Table 2 Project information

Growth conditions and genomic DNA preparation

E. coli strains E75 and E78 were isolated from transurethral catheterized urine specimens of adult women with urinary symptoms [10] using a Expanded Spectrum version of the previously described Enhanced Quantitative Urine Culture protocol [4]. Three urine volumes (1 μL, 10 μL, and 100 μL) of each urine sample was spread quantitatively (i.e., pinwheel streak) onto t5% sheep blood (BD BBL™ Prepared Plated Media, Cockeysville, MD), Chocolate, and Colistin Naladixic Acid agars (BD BBL™ Prepared Plated Media) and incubated in 5 % CO2 at 35 °C for 48 h; 5 % sheep blood and MacConkey (BD BBL™ Prepared Plated Media) agars incubated aerobically at 35 °C for 48 h; two CDC Anaerobic 5 % sheep blood agars (BD BBL™ Prepared Plated Media) incubated in either Microaerophilic Campy gas mixture (5 % O2, 10 % CO2, 85 % N), or anaerobically at 35 °C for 48 h. All agars were documented for growth (i.e., for morphologies and colony forming units per milliliter) at 24 and 48 h. Each distinct colony morphology was sub-cultured at 48 h to obtain pure culture for microbial identification.

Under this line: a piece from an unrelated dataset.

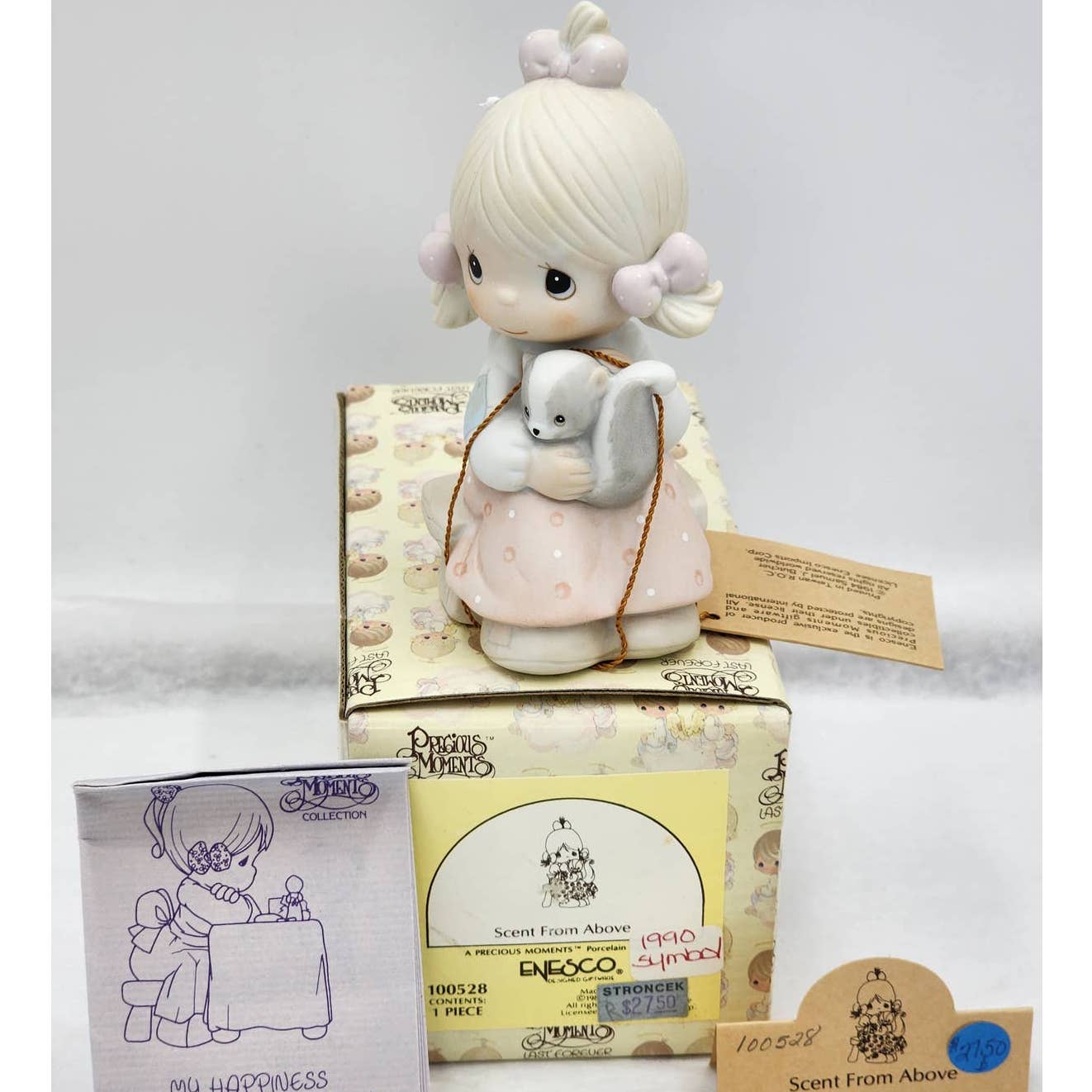 Precious Moments Figurine Scent From Above 100528 Vintage Girl Skunk W/Box Tags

Microbial identification was determined using a Matrix-Assisted Laser Desorption/Ionization-Time-of-Flight Mass Spectrometer (Bruker Daltonics, Billerica, MA) as described [4]. Pure cultures were stored at -80 °C in a 2 ml CryoSaver Brucella Broth with 10 % Glycerol, no beads, Cryovial, for preservation (Hardy Diagnostics). For genome extraction and sequencing, the preserved pure culture isolates were grown on 5 % sheep blood agar under aerobic conditions at 35 °C for 24 h.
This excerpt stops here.